Just words: Is it plagiarism, homage, or business as usual when public figures "forget" to footnote?
Arnold M. Zwicky
zwicky at CSLI.STANFORD.EDU
Fri Feb 22 17:25:03 UTC 2008
On Feb 22, 2008, at 6:31 AM, Dave Wilton wrote:
> I think it's useful to make a distinction between phrasing that is
> communally used and phrasing that is associated with a particular
> individual. The latter is potentially a more serious offense.

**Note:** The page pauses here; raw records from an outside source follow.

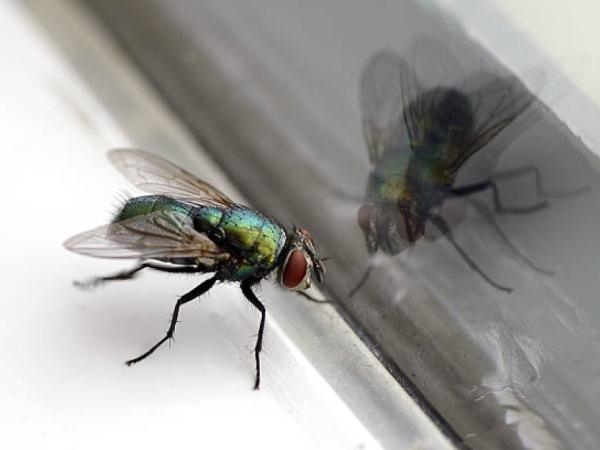 How to prevent flies in the kitchen? Everything you need to know.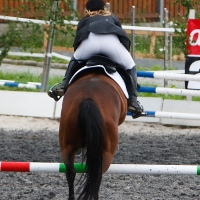 Candid equestrian hottie with a nice ass and vpl in white pants i-k5XVBjH-X3.jpg
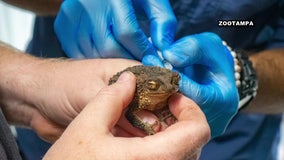 ZooTampa helps efforts to restore Puerto Rican crested toad population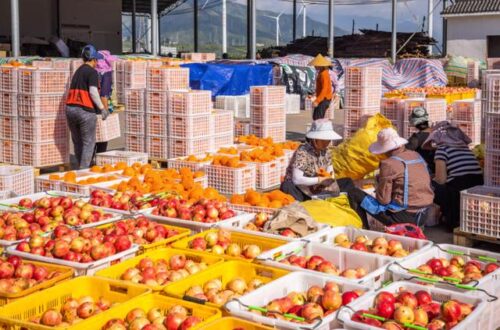 《凉山彝族自治州安宁河流域保护条例》施行一周年：高质量发展成效显著插图1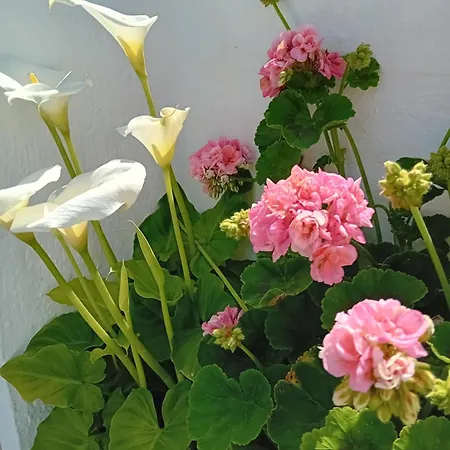 Dom wakacyjny Maison Cosy Vue Sur La Rade Tourlaville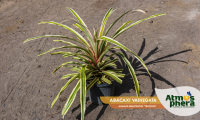 abacaxi-variegata-ananas-bracteatus-tricolor-site-01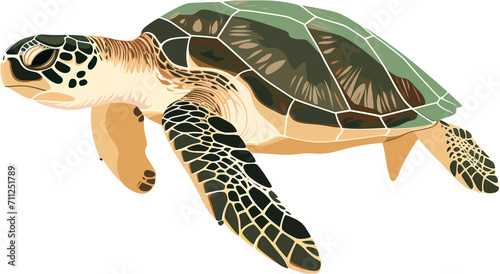 Cartoon Turtle Illustration photo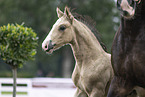 Welsh Pony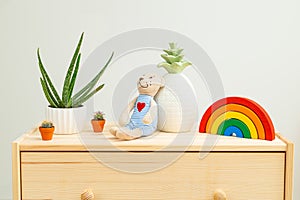 Houseplant and kids toys on wooden shelf. Plant home decoration. Life style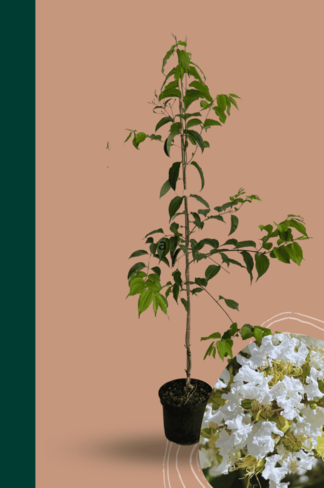 Kleiner Sieben Söhne des Himmels | Heptacodium miconioides Kleiner Sieben Söhne des Himmels | Heptacodium miconioides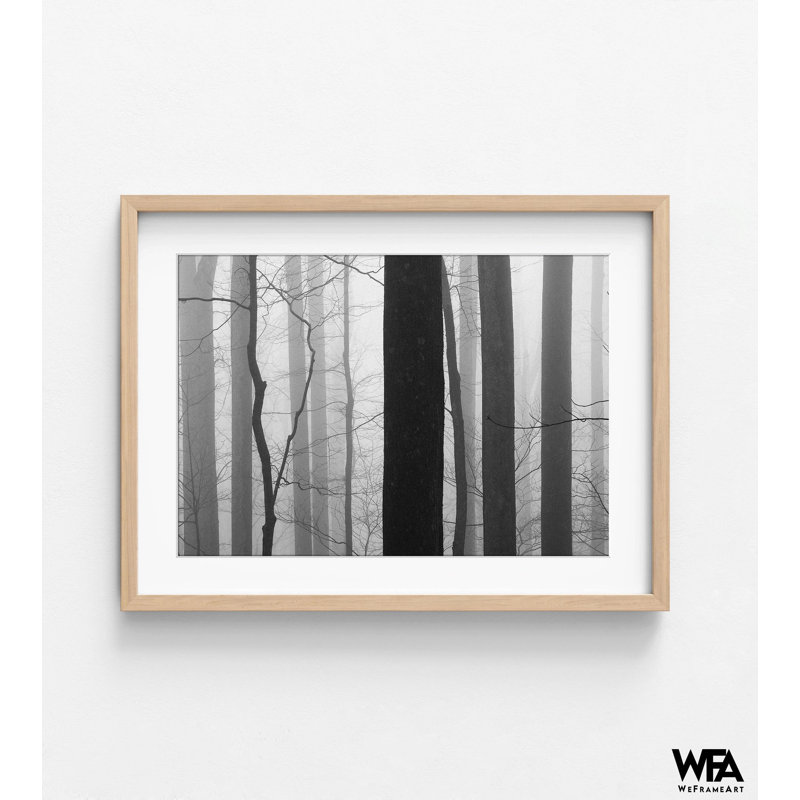 «Forest Code» par Nicholas Bell, art mural escalier, décor de cheminée, impression d'idée de remodelage de sous-sol, art de forêt noir et blanc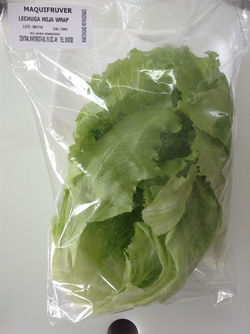Lechuga Wrap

The
> former
> isn't an offense at all.
a further wrinkle: there's no offense in using expressions (quoted or
paraphrased or played on, snowclone-fashion) from particular people if
you can expect that most people will know the source. you don't have
to attribute "with malice toward none" and the like.
a problem arises when you use an expression that is attributable to a
specific person, and you know this, and this attribution isn't widely
known, and the expression is especially effective or in some way
memorable, and you don't give any attribution -- thus implicitly
taking credit yourself for the turn of phrase.
there are, of course, complexities at each stage. unconscious
quotation is particularly easy. you might not realize you heard it
somewhere, or it might seem vaguely familiar but you have no idea
where you might have heard it.
so there's plenty of gray area here, but area that's pretty far from
the instances of plagiarism that trouble teachers so much.